I got a wood working band saw from HF.

I got a 90 VDC 1/2 horse motor.

I got a speed control.

If I put a metal cutting blade on this thing how do I know if the blade is turning too slow?


----------



## Greg Elmassian (Jan 3, 2008)

It won't cut anything? 

Seriously, I've used the big power hack saws, the ones where the metal is held in place and the frame with the blade comes down hydraulically on the work and the blade is like a band saw. 

They have coolant pumps and the blade goes nice and slow. 

I think the only too slow part would be if it took hours to cut through. 

Regards, Greg


----------



## hawkeye2 (Jan 6, 2008)

Generaly woodworking band saws are of light construction compared to metal cutting saws so you need to keep your feed rate down, don't push hard, let the blade do the work.

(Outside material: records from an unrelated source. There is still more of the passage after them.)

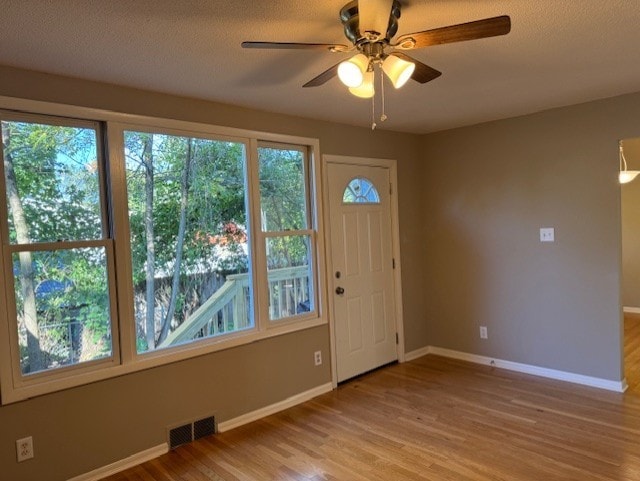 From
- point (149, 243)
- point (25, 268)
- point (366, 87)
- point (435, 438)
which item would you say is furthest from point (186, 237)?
point (435, 438)

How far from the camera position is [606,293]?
3463 mm

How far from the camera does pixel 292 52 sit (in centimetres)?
220

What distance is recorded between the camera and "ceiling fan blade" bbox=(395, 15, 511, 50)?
1.48m

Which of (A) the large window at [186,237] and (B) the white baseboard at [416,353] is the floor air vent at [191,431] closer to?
(A) the large window at [186,237]

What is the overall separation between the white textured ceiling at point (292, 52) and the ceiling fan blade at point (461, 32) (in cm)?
21

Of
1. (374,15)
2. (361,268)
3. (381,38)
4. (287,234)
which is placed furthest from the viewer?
(361,268)

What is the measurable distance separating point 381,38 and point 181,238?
189 centimetres

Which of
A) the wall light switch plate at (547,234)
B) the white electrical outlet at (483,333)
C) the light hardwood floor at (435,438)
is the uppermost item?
the wall light switch plate at (547,234)

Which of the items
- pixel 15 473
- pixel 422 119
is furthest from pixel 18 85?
pixel 422 119

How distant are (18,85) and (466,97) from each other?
9.14 feet

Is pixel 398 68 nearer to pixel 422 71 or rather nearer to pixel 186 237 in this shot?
pixel 422 71

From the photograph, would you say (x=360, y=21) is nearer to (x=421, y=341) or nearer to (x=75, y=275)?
(x=75, y=275)

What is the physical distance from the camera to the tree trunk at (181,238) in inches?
115

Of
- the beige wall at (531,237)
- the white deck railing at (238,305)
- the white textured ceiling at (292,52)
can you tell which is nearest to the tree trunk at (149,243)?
the white deck railing at (238,305) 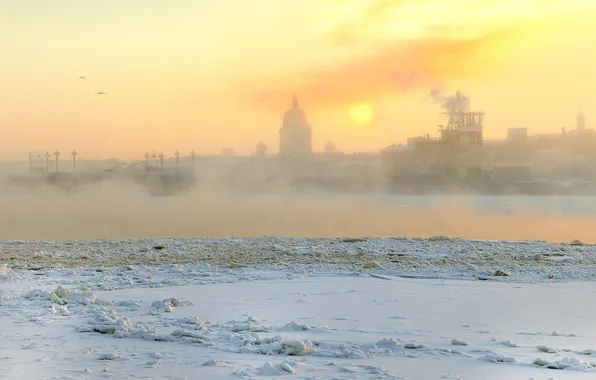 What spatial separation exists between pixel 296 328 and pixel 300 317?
109 centimetres

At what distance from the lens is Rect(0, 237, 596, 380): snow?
8.16 metres

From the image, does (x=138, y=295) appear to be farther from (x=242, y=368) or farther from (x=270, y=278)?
(x=242, y=368)

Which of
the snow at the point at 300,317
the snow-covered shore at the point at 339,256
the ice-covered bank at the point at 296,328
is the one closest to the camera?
the ice-covered bank at the point at 296,328

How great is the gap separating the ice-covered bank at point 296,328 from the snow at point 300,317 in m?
0.03

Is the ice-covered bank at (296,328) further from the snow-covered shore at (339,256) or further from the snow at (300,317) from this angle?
the snow-covered shore at (339,256)

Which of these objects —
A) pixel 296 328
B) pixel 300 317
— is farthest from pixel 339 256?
pixel 296 328

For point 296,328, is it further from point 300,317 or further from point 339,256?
point 339,256

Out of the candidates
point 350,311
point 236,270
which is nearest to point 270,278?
point 236,270

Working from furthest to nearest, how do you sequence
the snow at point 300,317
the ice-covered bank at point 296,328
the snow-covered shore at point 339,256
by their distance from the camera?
the snow-covered shore at point 339,256
the snow at point 300,317
the ice-covered bank at point 296,328

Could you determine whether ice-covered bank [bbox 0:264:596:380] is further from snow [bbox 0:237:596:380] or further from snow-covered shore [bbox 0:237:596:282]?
snow-covered shore [bbox 0:237:596:282]

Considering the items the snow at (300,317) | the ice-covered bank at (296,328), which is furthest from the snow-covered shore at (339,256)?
the ice-covered bank at (296,328)

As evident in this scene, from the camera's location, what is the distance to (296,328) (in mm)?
10055

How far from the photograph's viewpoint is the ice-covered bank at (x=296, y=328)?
805 centimetres

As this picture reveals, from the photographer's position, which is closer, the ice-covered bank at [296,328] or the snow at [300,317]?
the ice-covered bank at [296,328] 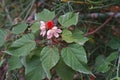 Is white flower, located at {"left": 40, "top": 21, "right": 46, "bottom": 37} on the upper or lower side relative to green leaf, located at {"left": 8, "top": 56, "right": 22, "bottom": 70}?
upper

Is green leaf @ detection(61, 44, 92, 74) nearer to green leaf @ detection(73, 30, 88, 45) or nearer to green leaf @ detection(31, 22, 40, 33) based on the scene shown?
green leaf @ detection(73, 30, 88, 45)

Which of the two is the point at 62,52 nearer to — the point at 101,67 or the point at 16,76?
the point at 101,67

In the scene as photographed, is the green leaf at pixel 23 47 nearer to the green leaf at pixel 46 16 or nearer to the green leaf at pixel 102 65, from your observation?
the green leaf at pixel 46 16

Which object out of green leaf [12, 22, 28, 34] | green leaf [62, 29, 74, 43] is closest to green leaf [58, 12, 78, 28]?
green leaf [62, 29, 74, 43]

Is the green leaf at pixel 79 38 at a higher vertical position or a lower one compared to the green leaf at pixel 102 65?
higher

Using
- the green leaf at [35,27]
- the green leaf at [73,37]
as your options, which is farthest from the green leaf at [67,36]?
the green leaf at [35,27]

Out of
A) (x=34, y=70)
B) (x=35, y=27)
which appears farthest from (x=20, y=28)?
(x=34, y=70)

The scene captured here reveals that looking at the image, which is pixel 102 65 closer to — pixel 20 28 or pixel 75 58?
pixel 75 58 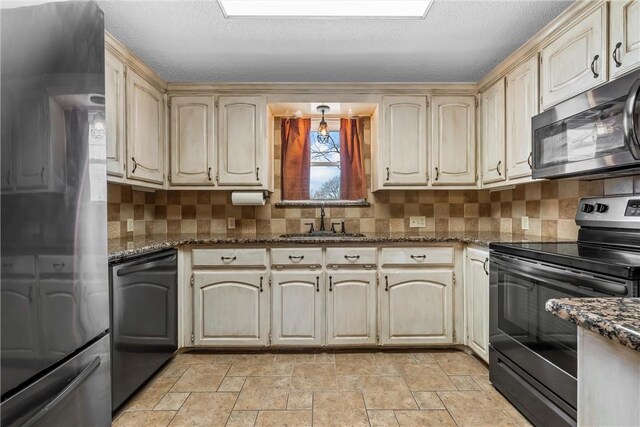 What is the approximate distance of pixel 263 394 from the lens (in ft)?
6.51

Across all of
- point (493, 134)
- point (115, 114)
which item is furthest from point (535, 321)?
point (115, 114)

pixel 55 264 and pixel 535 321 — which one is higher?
pixel 55 264

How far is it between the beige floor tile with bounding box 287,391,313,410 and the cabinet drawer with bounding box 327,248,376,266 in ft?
2.94

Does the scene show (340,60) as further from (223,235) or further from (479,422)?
(479,422)

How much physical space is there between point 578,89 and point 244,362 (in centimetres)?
264

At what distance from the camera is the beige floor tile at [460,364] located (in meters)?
2.24

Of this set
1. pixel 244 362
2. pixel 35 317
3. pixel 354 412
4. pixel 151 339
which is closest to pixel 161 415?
pixel 151 339

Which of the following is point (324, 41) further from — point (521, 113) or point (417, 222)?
point (417, 222)

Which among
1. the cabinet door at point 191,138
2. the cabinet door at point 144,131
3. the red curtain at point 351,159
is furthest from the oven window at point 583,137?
the cabinet door at point 144,131

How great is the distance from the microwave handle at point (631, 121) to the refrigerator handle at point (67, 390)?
2147mm

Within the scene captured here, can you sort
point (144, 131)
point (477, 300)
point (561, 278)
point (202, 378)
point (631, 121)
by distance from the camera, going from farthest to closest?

Don't let the blade or work piece get hot as that will shorten blade life. There are charts to help determine the feed rate and blade speed for specific materials however you are probably feeding by hand and have no way to determine blade speed so it will be a seat of the pants thing and experience will tell you what pressure and speed to use. Buy quality blades and try to find a lubricant at some place like McMaster-Carr. The ones I'm thinking of come in cardboard tubes and have a wax-like consistency. Water soluble oils and other liquid lubes are great but messy and your wood bandsaw probably isn't sealed and insulated enough to allow their use. Blades aren't cheap and its unlikely you will have a large selection hanging on the wall so remember it's better to have too fine a blade (too many teeth per inch) than one that is too coarse. Keep your fingers well clear of the blade, it looks harmless as it slowly cuts the material but I have scars on my fingers to prove otherwise.


----------



## xo18thfa (Jan 2, 2008)

Ideally the speed to cut steel on a bandsaw is about 100 feet per minute. Brass is about 300. Just run it as slow as you can, you should be OK. As Hawkeye said, use a good blade. Bi metal is better, but pricey. Maybe 16 teeth per inch or 18. McMaster Carr can probably make a custom length if you need it. Feed slow


----------